START RECORD EXCERPTS

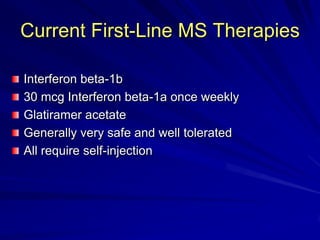 Current First-Line MS Therapies
Interferon beta-1b
30 mcg Interferon beta-1a once weekly
Glatiramer acetate
Generally very safe and well tolerated
All require self-injection
 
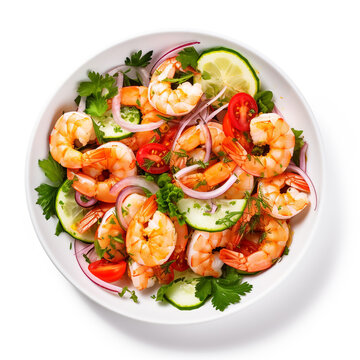 salad with shrimp in a plate top view on a white background сreated with Generative Ai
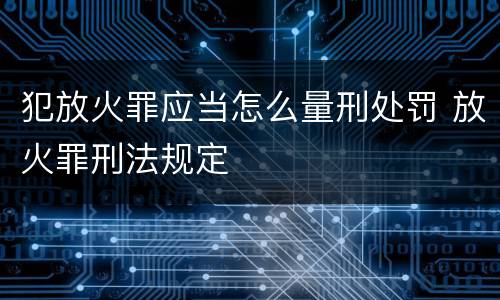犯放火罪应当怎么量刑处罚 放火罪刑法规定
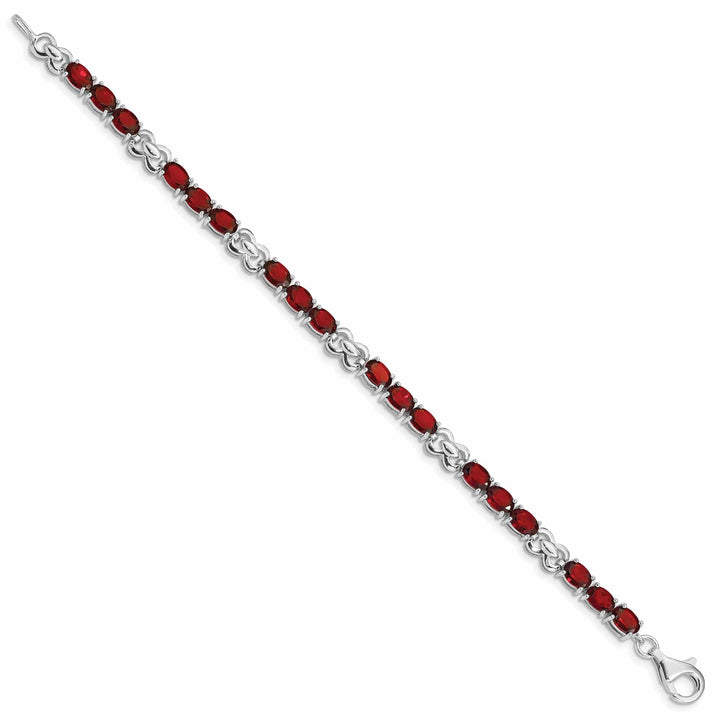 Lovely Rita's Bracelets Silver Polish Oval Cut Garnet Gemstone Bracelet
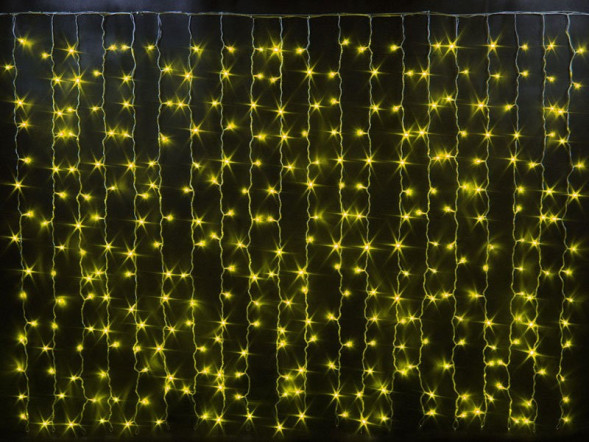 Светодиодный облегченный занавес 2*1.5 м., 220V, 300 желтых LED ламп, прозрачный ПВХ провод, Rich LED (RL-CS2*1.5-T/Y) 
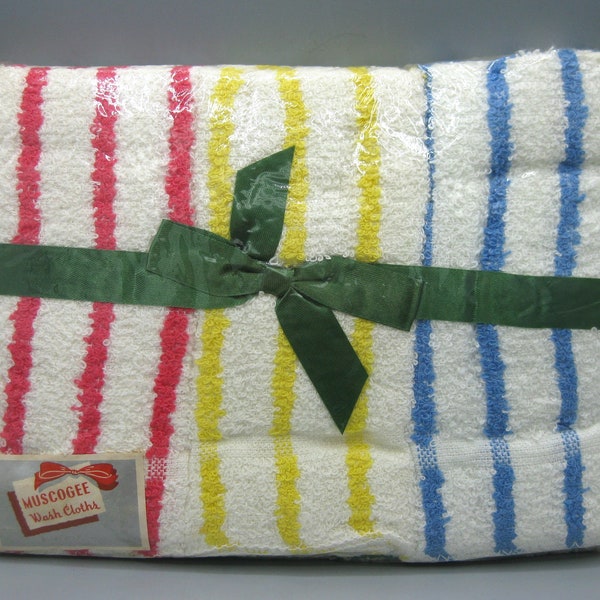 4 Vintage 50s Muscogee Terry Cotton Stripe Terrycloth Wash Cloths Dishcloths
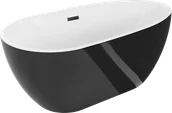 Wanny - Mexen Eos wanna wolnostojąca 170 x 75 cm, biała/czarna, przelew czarny - 52471707575-70 - miniaturka - grafika 1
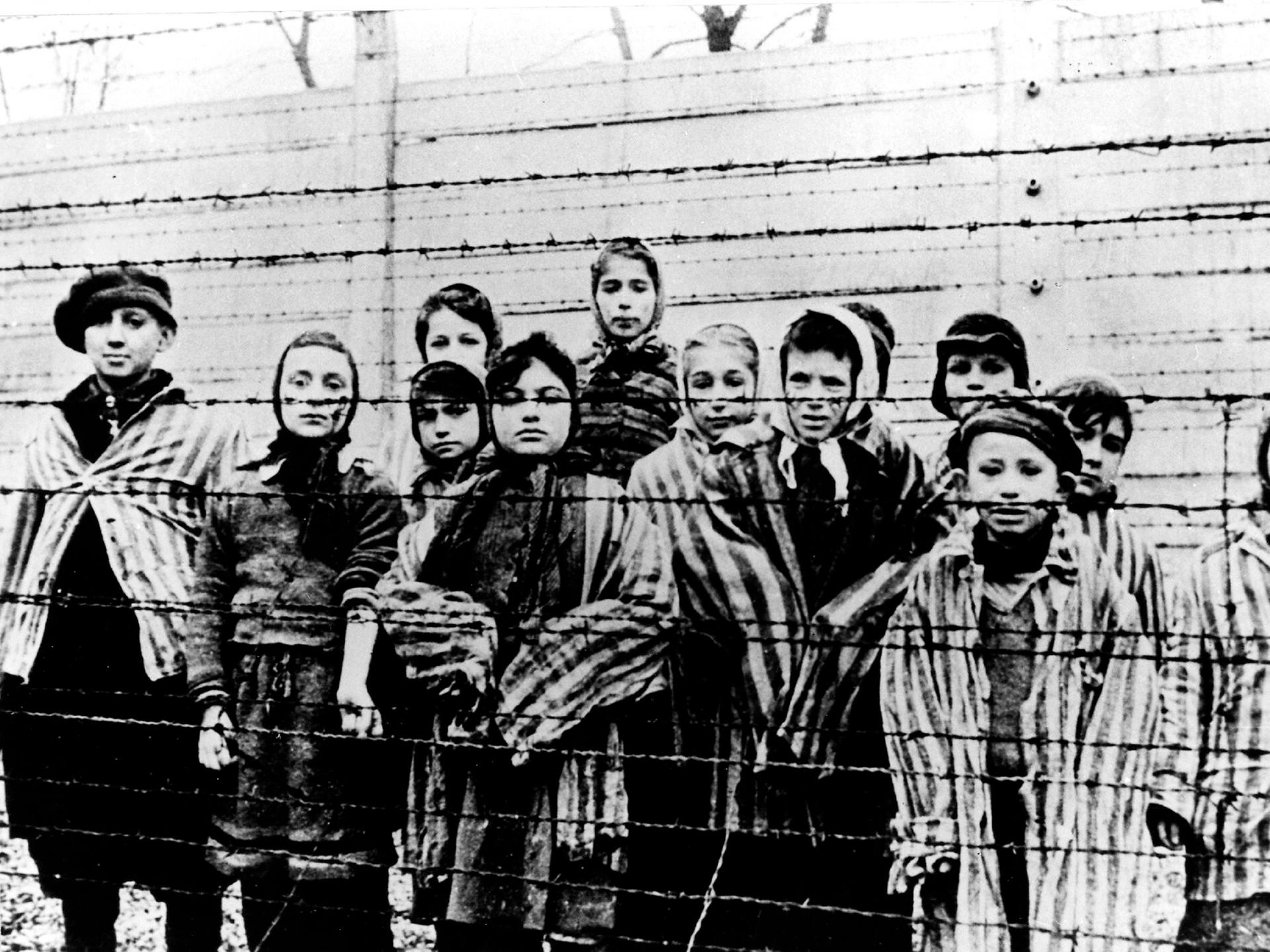Kinder in Häftlingskleidung hinter einem Stacheldrahtzaun nach der Befreiung des Vernichtungslagers Ausschwitz durch die Rote Armee 1945.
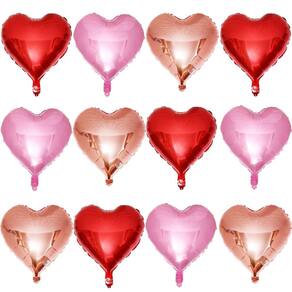 Balões Lovoir Red Heart Shape, 18 polegadas, 12 unidades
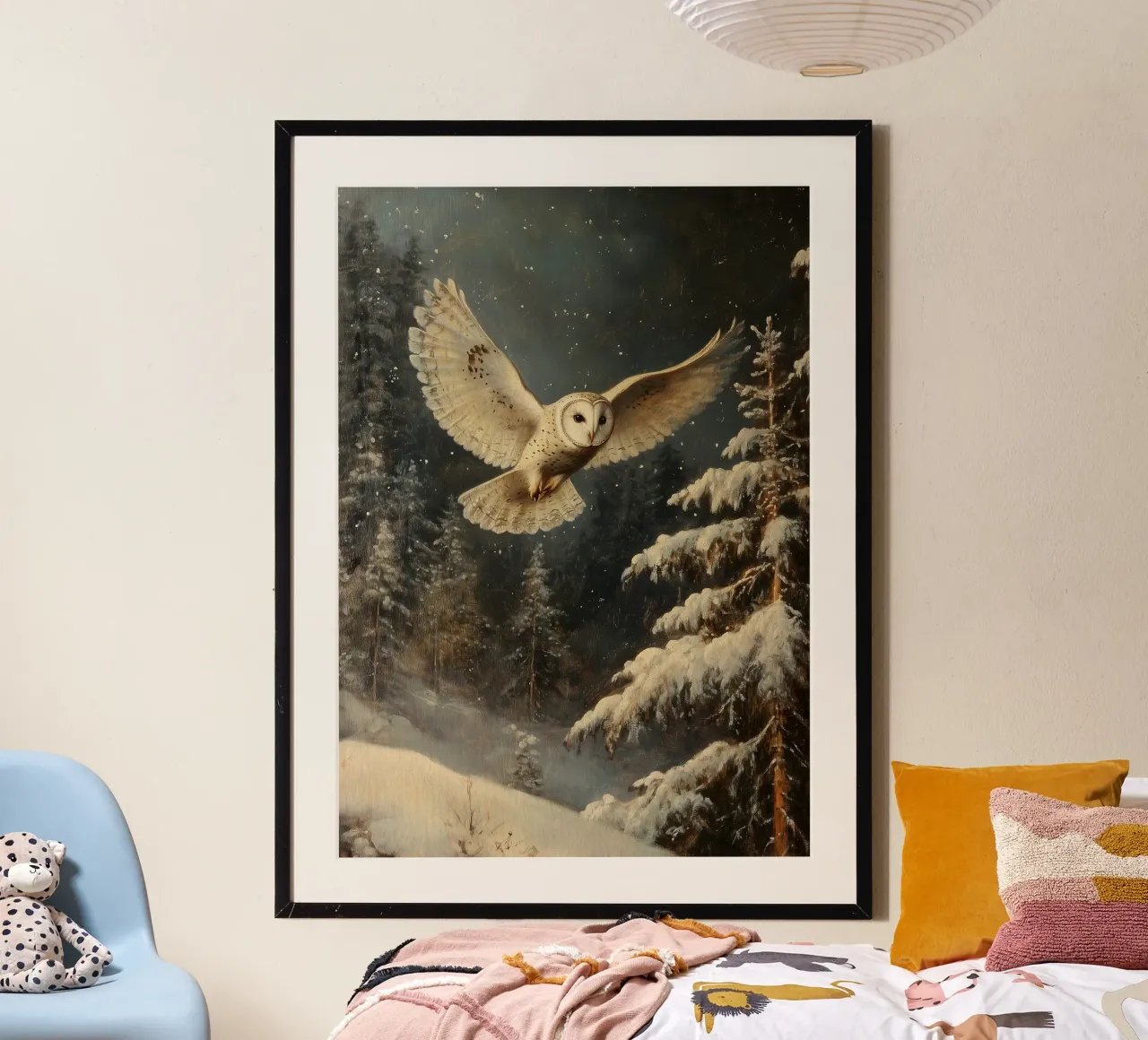 Eule im Winterwald hahnemühle by Luna & Noctua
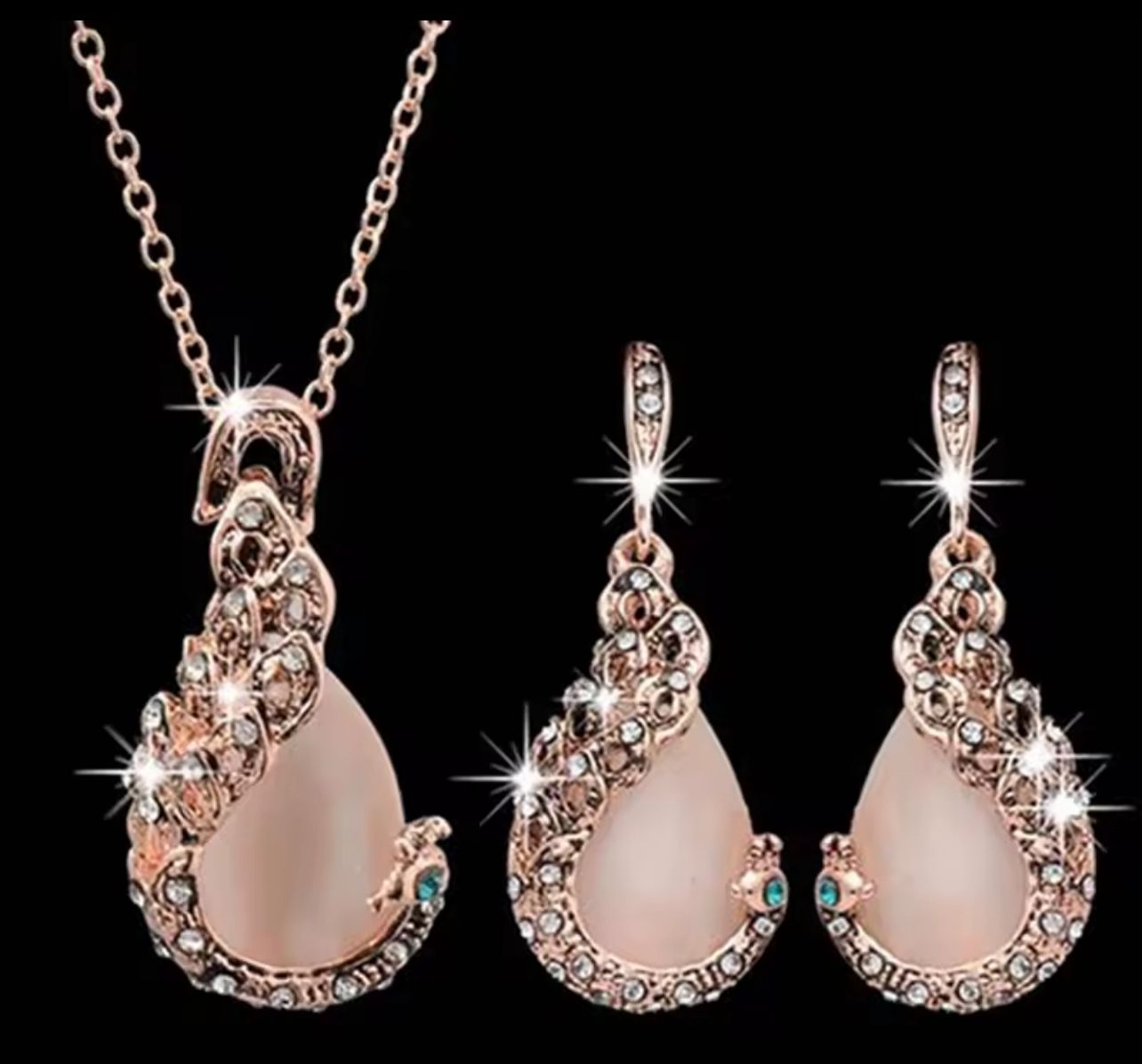 3pcs Jewelry Set Elegant Waterdrop Rhinestone Pendant Necklace for Women Hook Earings Jewelry Set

END RECORD EXCERPTS

Give back all of the material exactly, though without the images it contains.

 Current First-Line MS Therapies
Interferon beta-1b
30 mcg Interferon beta-1a once weekly
Glatiramer acetate
Generally very safe and well tolerated
All require self-injection
 
 salad with shrimp in a plate top view on a white background сreated with Generative Ai
犯放火罪应当怎么量刑处罚 放火罪刑法规定
 Lovely Rita's Bracelets Silver Polish Oval Cut Garnet Gemstone Bracelet
 Светодиодный облегченный занавес 2*1.5 м., 220V, 300 желтых LED ламп, прозрачный ПВХ провод, Rich LED (RL-CS2*1.5-T/Y) 
 4 Vintage 50s Muscogee Terry Cotton Stripe Terrycloth Wash Cloths Dishcloths
 Wanny - Mexen Eos wanna wolnostojąca 170 x 75 cm, biała/czarna, przelew czarny - 52471707575-70 - miniaturka - grafika 1
Kinder in Häftlingskleidung hinter einem Stacheldrahtzaun nach der Befreiung des Vernichtungslagers Ausschwitz durch die Rote Armee 1945.
 Balões Lovoir Red Heart Shape, 18 polegadas, 12 unidades
 Eule im Winterwald hahnemühle by Luna & Noctua
 3pcs Jewelry Set Elegant Waterdrop Rhinestone Pendant Necklace for Women Hook Earings Jewelry Set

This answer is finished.